[[ RECORDS TO USE open ]]

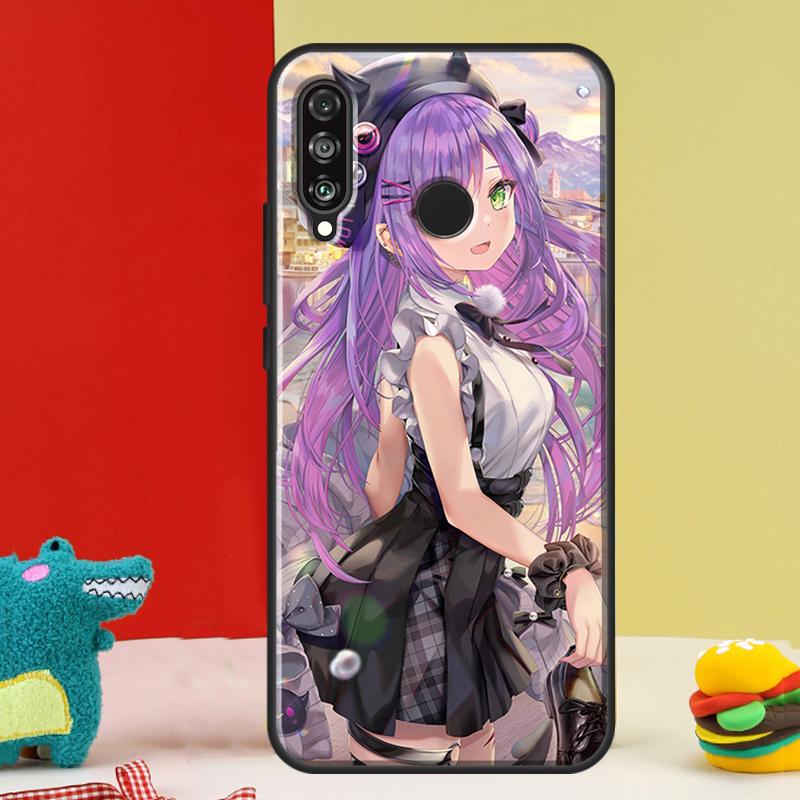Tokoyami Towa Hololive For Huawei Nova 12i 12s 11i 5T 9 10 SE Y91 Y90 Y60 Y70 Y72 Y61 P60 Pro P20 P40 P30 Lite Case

[[ RECORDS TO USE closed ]]
[[ RECORDS TO USE open ]]

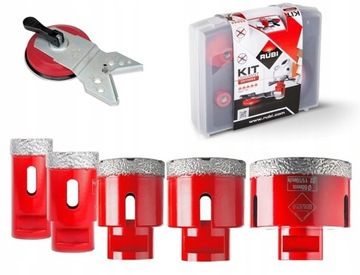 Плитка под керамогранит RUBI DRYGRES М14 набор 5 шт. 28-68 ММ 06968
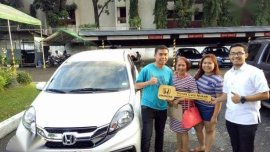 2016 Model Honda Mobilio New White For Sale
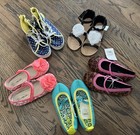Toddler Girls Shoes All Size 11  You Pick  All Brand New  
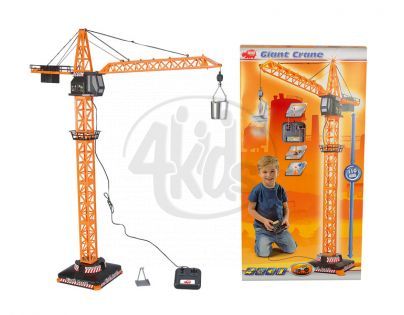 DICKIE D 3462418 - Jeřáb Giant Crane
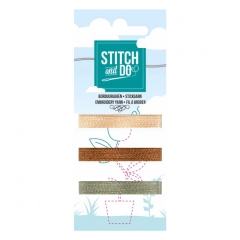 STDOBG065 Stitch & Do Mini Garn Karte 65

[[ RECORDS TO USE closed ]]

**TO DO:** Going by the data above, give back only the lines from the one containing "Плитка под керамогранит" through the one containing "STDOBG065 Stitch & Do Mini Garn Karte 65", exactly as they stand, both ends included and no images.

**ANSWER BOX:**
 Плитка под керамогранит RUBI DRYGRES М14 набор 5 шт. 28-68 ММ 06968
 2016 Model Honda Mobilio New White For Sale
Toddler Girls Shoes All Size 11  You Pick  All Brand New  
 DICKIE D 3462418 - Jeřáb Giant Crane
 STDOBG065 Stitch & Do Mini Garn Karte 65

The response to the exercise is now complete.